Second, the TTP has signalled to the army that the military is its biggest enemy. Fazlullah took great pride in the assassination of an army general after the country’s political leadership had endorsed talks with the TTP. Of course, the militant from Swat has a long history with the Pakistan Army, one that turned decisively and irreversibly ugly in 2009. If his predecessor Hakeemullah Mehsud preferred to confuse and disorient the state with his talk of peace while simultaneously waging war, Fazlullah is a more direct kind of militant: he knows what he wants — Pakistan — and he will attack until either the state capitulates or he is eliminated, whichever comes first.

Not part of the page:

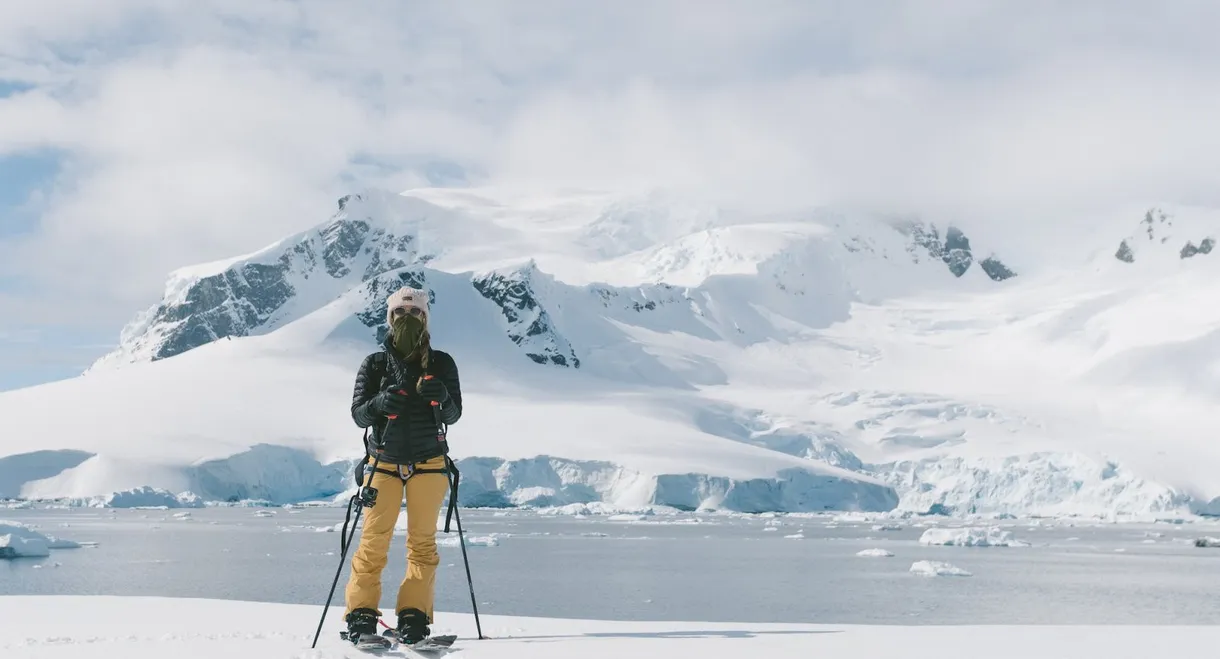 Out of Bounds: An Epic Mountain Journey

Third, a message has been sent that the fight in Pakistan is not about the US military presence in Afghanistan — though it remains to be seen if the political class and sections of the public will absorb this lesson. Mullah Fazlullah does not reside in Pakistan, he now hides out across the border in Afghanistan. If militancy in Pakistan is really a by-product of the war in Afghanistan, then why does Fazlullah prefer to attack Pakistan instead of fighting the Americans in his new backyard? There is an even simpler way to debunk the myth of the fight against militancy being a post-9/11 creation. The TNSM that was the precursor to Fazlullah’s Swat TTP chapter waged a war against the Pakistani state a decade before 9/11 even happened. And if the US killed Hakeemullah Mehsud simply to scuttle the possibility of dialogue with the TTP, it is the TTP itself that has chosen a new leader who is emphatically against talks — how does a state talk to a group that emphatically rejects the very possibility of talks? The real challenge is now for the government. Lamenting the perceived blow to the possibility of dialogue is not policy. If the concessions to the Mehsud-led TTP were problematic enough, serious thought needs to be given to validating the Fazlullah-led TTP. There is already a state — Pakistan — and there can be no room for another one.